También nosotros, que por nuestra edad seremos víctimas del ministro Escrivá, debemos adaptarnos a lo que viene. Casi nada de lo que nos enseñaron nos sirve para la vida actual. Hay que reinventarse, cada uno como mejor pueda, para ser el hombre nuevo que exige un mundo incomprensible
VALÈNCIA. Estos primeros días de verano ando ocupado en la difícil empresa de convertirme en un hombre nuevo, no en el hombre nuevo de Cristo o Marx, sino en el que impone el delicado momento histórico.
Casi todo lo que con amor y generosidad nos enseñaron nuestros padres y abuelos no nos sirve ahora. Toca, sostienen los entendidos, reinventarse para no parecer un bicho raro. Y en ello estoy, en el doloroso empeño de dejar atrás el hombre que fui y abrazar el hombre nuevo que seré a la fuerza.
“El hombre nuevo es un joven solidario, igualitario y amante de las nuevas tecnologías. Cultiva maneras suaves, cocina platos riquísimos y vota izquierdas”
Esta metamorfosis es más compleja de lo que imaginaba. Hay mucho que transformar en mí: el pensamiento y el lenguaje, la conducta e incluso la apariencia física. En verdad me veo como un traje desgastado por el paso de los años, salpicado de lamparones, que no compensa llevar a la tintorería. Hay que tirarlo o echarlo a un contenedor de Cáritas, y comprarse otro en las rebajas de julio.
Haré examen de conciencia y acto de contrición. Muchos son mis pecados.
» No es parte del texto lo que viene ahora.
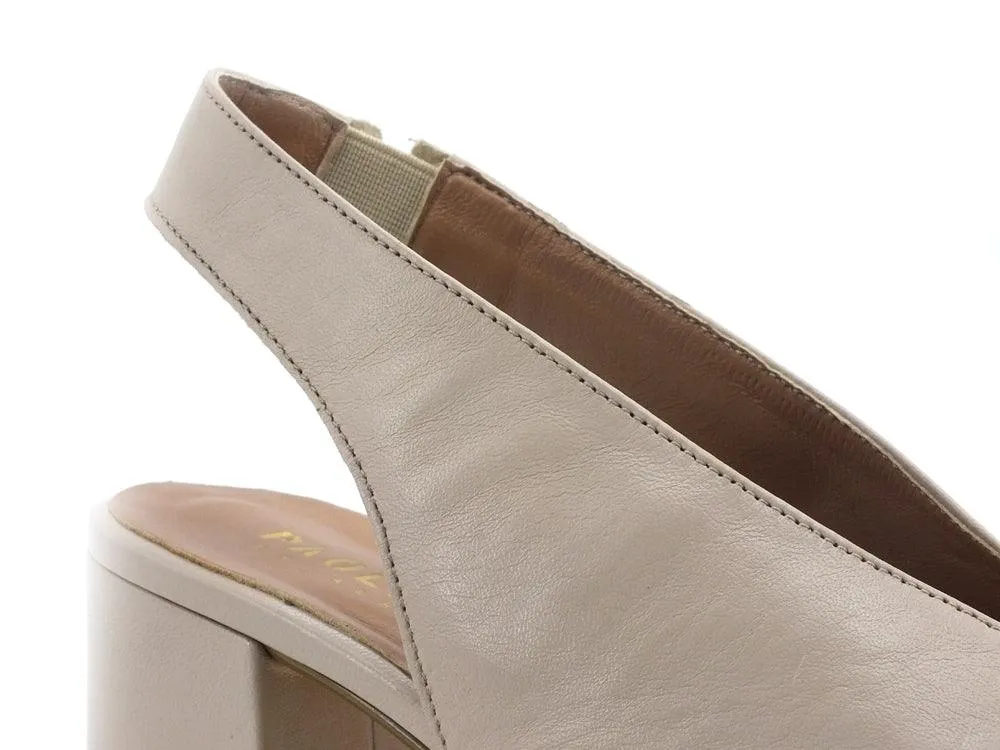 PAOLA FERRI Shanty Sandalo Open Toe Tacco Ecru D5259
Soy un hombre que vende conocimientos inútiles, nada menos que de lengua y literatura, groseramente analógico porque ignora las redes fecales, que no sabe cocinar y sigue tratando a los desconocidos de usted, carnívoro y con serias reticencias para depilarse, y esto tiene delito porque es muy velludo. Además le gusta pegar la hebra en cafés decadentes, ir al cine antes que ver series, y pasear por el parque de Abelardo Sánchez de su ciudad, y observar cómo las lindas ardillas saltan de árbol en árbol.
He llegado hasta donde la voluntad y las circunstancias me han permitido. Pero ahora soy un coche sin gasolina, perdido en un área de servicio. Si quiero vivir en sociedad, en esta amable y siniestra sociedad, debo cambiar por completo.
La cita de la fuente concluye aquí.